Monday, December 13, 2010

MY FINAL BLOG :(

Looking back on it now I believe that I had an out of body experience. I have never told my family this for fear that I would be the object of their severe sarcasm. Still I remember it clearly.

I was 3 years old, lying on the couch surrounded by my siblings. We were watching Miami Vice. I don't remember twitching just my sister screaming at me to open my eyes. That is when it happened. That is when I could see everything as if I was looking down on me and my brothers and sisters from the ceiling. My sister began shaking me telling me to wake up. She screamed at my mom's boyfriend that something was wrong with me. I watched as he ran to the phone and called 911. We lived in a trailer on the landfill, far enough from the hospital that I will always be grateful that he chose to drive me to the hospital instead of waiting for the ambulance.

That is the only thing I will be grateful to that man for.

He told the dispatcher that his girlfriend's daughter was having a seizure and that if any police pulled him over for speeding he would kill them. He slammed the phone down and ran over to the couch and picked me up. I felt his arms around me. This physicality brought me back into my own skin. I couldn't see however. I remember screaming to him that I couldn't see.

I have done a lot of research with this memory because I wanted to get it right. I wanted it to be the complete truth. I emailed my 5 brothers and sisters and asked them to recount that night for me. There were some similar threads with all of the stories--important ones--me having a seizure and watching Miami Vice topping the list. Everyone had a different story. Were all of our memories wrong. Was I wrong for thinking that I could actually have an out of body experience? I don't think that any of them are wrong it just shows that every memory is fallible just like the vessels that carry them. But just because my memory is fallible doesn't mean that I shouldn't try to get the story as true to my memory as possible for my readers. I have learned this and so much more in this amazing class.

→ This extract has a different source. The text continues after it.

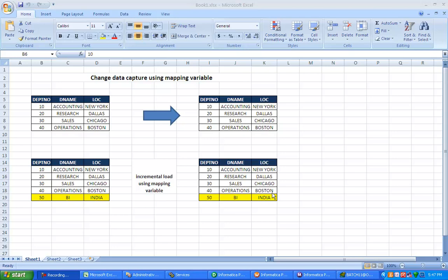Hi, this is Manish. Today I am going to talk about mapping variables and how to perform CDC using mapping variables.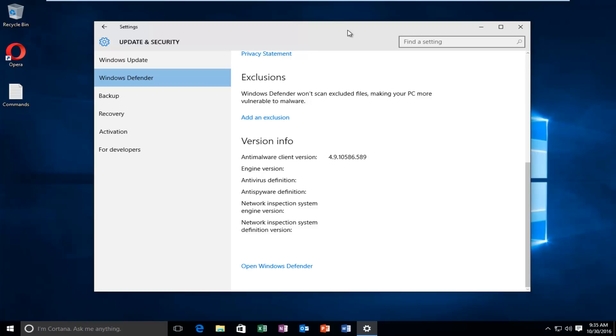Hello everyone, how are you doing? This is MD Tech here, another quick tutorial. Today I'm going to be showing you how to fix the blue screen memory management error in Windows, specifically Windows 10.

I have learned a great deal this semester about the literary memoir. I have learned that your voice can be poetic like Angelou, young like McCourt or even raw and bare boned like Wiesel. The personal truth comes through revisions and the journey of transcribing your own life to share unconditionally with others. I have learned that when one is writing their personal truth it bleeds into a larger, more universal truth for the readers that are tagging along in the journey. I have learned that it is not only what you say but definitely how you say it. I have learned that when you are writing down the truth it does become timeless and puts your life on the map. That a life lived is a life worth writing about. We are all in this world together which is why we need to all share our stories with one another. I have been able to see the world from the eyes of Angelou, Dinesen, McCourt, Nabokov, Karr, Hughes, Hampl, Conroy and Weisel. I have seen the history of the world seen through these amazing authors eyes. I have been able to know things that I would have never known had these authors not thought that their story was important enough to share, or even if they didn't they were willing to write it down and share it anyway. I have been subjected to racism, seen the Elephants of Africa, picked up coals in the streets of Ireland, watched patiently the butterflies that I loved, learned the hidden family secrets, lost my faith, learned to revise to find the truth, drove without fear and stared death in the face of my fellow man. I have done this all through the amazing stories and truths told by this incredible authors. I am very lucky indeed.